Anonymousforjesus wrote:
Im sorry but you have got it all wrong, those allah and muhammed people are a result of the devil, the lord god and his almighty son jesus are the true saviours, and they should be recognised and worshiped. You are all in false hope and are worshiping a false idol. You should be ashamed and disgrased at your own stupidity. May god bless.

THAT'S DISGUSTING!!

  1. wow I have just read your diary and it is absolutely brilliant!!  You are soo intelligent and soo inspirational.  You should definately become a writer as you have a great gift from Allah SWT in writing and intelligence.  My niece recently used your piece in her homework. You explained your experience beautiully and and I was tearful throughout. You are a good muslim with a true heart and may Allah SWT guide you always to His straight path and make you happy and successful in all you do Insh'Allah. May Allah accept your Hajj and and bless you.   As for the evil posts on this thread I just feel so sorry for you people and may God forgive you and save you from satan.

wow I have just read your diary and it is absolutely brilliant!!  You are soo intelligent and soo inspirational.  You should definately become a writer as you have a great gift from Allah SWT in writing and intelligence.  My niece recently used your piece in her homework. You explained your experience beautiully and and I was tearful throughout. You are a good muslim with a true heart and may Allah SWT guide you always to His straight path and make you happy and successful in all you do Insh'Allah. May Allah accept your Hajj and and bless you.   As for the evil posts on this thread I just feel so sorry for you people and may God forgive you and save you from satan.

wow I have just read your diary and it is absolutely brilliant!!  You are soo intelligent and soo inspirational.  You should definately become a writer as you have a great gift from Allah SWT in writing and intelligence.  My niece recently used your piece in her homework. You explained your experience beautiully and and I was tearful throughout. You are a good muslim with a true heart and may Allah SWT guide you always to His straight path and make you happy and successful in all you do Insh'Allah. May Allah accept your Hajj and and bless you.   As for the evil posts on this thread I just feel so sorry for you people and may God forgive you and save you from satan.
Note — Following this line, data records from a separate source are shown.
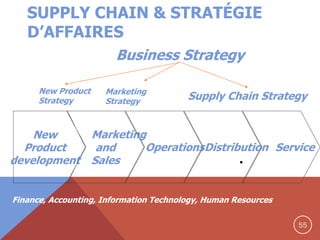 SUPPLY CHAIN & STRATÉGIE
D’AFFAIRES
Business Strategy
New Product
Strategy

New
Product
development

Marketing
Strategy

Supply Chain Strategy

Marketing
OperationsDistribution Service
and
Sales

.

Finance, Accounting, Information Technology, Human Resources
55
@Anonymousforjesus I practice Christianity, and even I am offended by your ignorance. This kind of discrimination and closemindedness misreresents what Christianity is about. Offensive comments, such as yours, should not have Jesus's name tacked on to them as this is clearly not something Jesus would say. Everyone is entitled to their own relationship with their own God, and suggesting otherwise is just asking for confrontation. This is one of the most unChristian-like things I've seen, and I pray that God opens your eyes to loving others and cleanses your hateful heart.
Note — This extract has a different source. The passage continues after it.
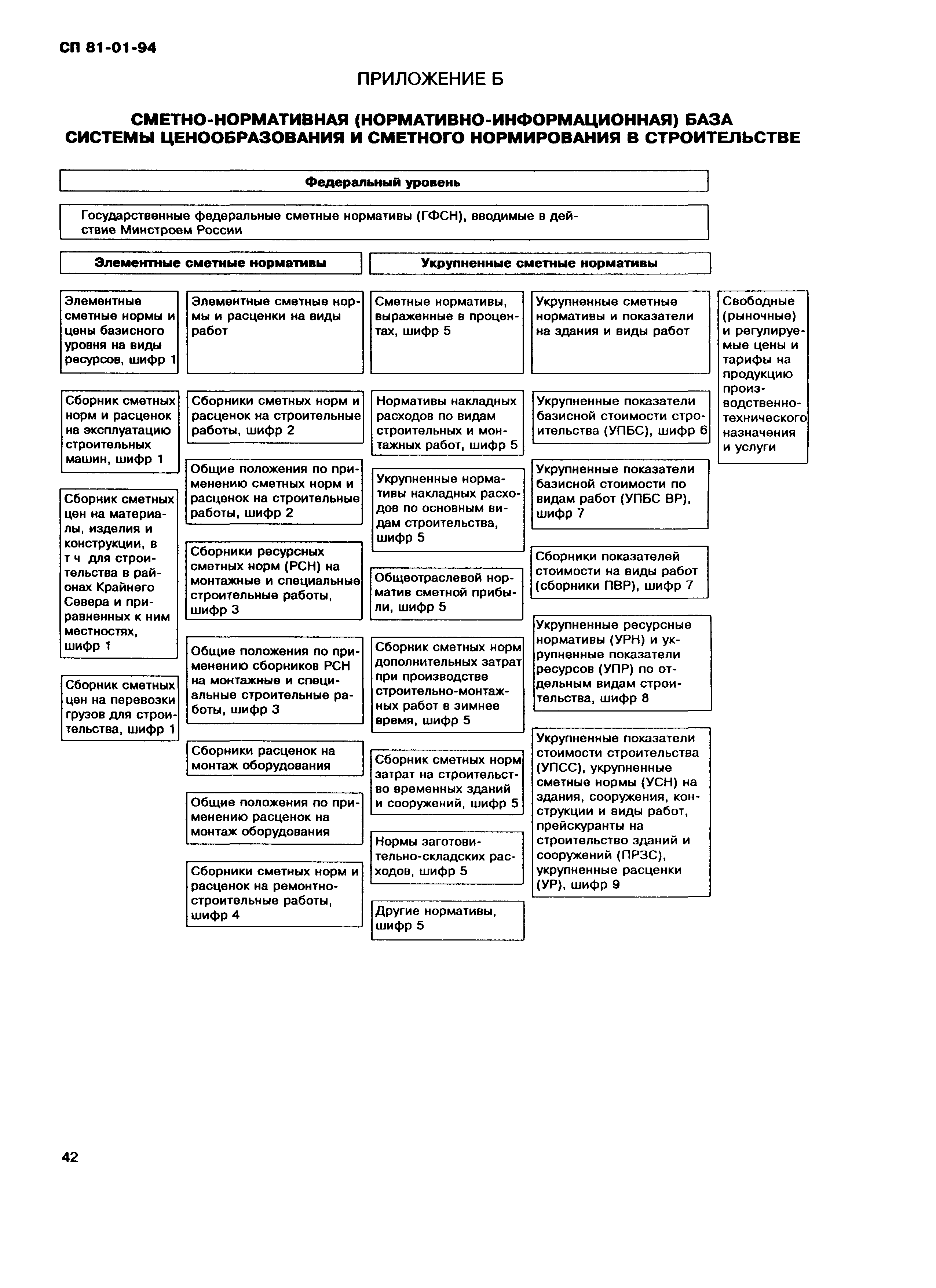 СП 81-01-94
This is a beautiul account of a deeply spiritual experience, and I am glad you were able to experiece this. You are a talented writer, and your description makes Mecca sound absolutely breathtaking. Thank you so much for sharing.

 

your comment has come through as blank.

"For too long, we have been a passively tolerant society, saying to our citizens 'as long as you obey the law, we will leave you alone'" - David Cameron, UK Prime Minister. 13 May 2015.

I really appriciate for this post above you shared for all of us. But performing Hajj is very costly today. Because Hajj packages and Ummrah packages are costly now a days. But I have seen that Eiman Travels are provided cheapest rate for hajj and ummrah. It will be faithful journey for all of you. I had done my journey of Ummrah recently. Then i will suggest you this travel agency. Please visit this page

I just deleted a poor attempt at advertising.

If you are advertising Hajj tours etc, chances are (though no promises) I will not delete the post - as long as they are not underhanded or attempt to hide the advert for SEO purposes.

"For too long, we have been a passively tolerant society, saying to our citizens 'as long as you obey the law, we will leave you alone'" - David Cameron, UK Prime Minister. 13 May 2015.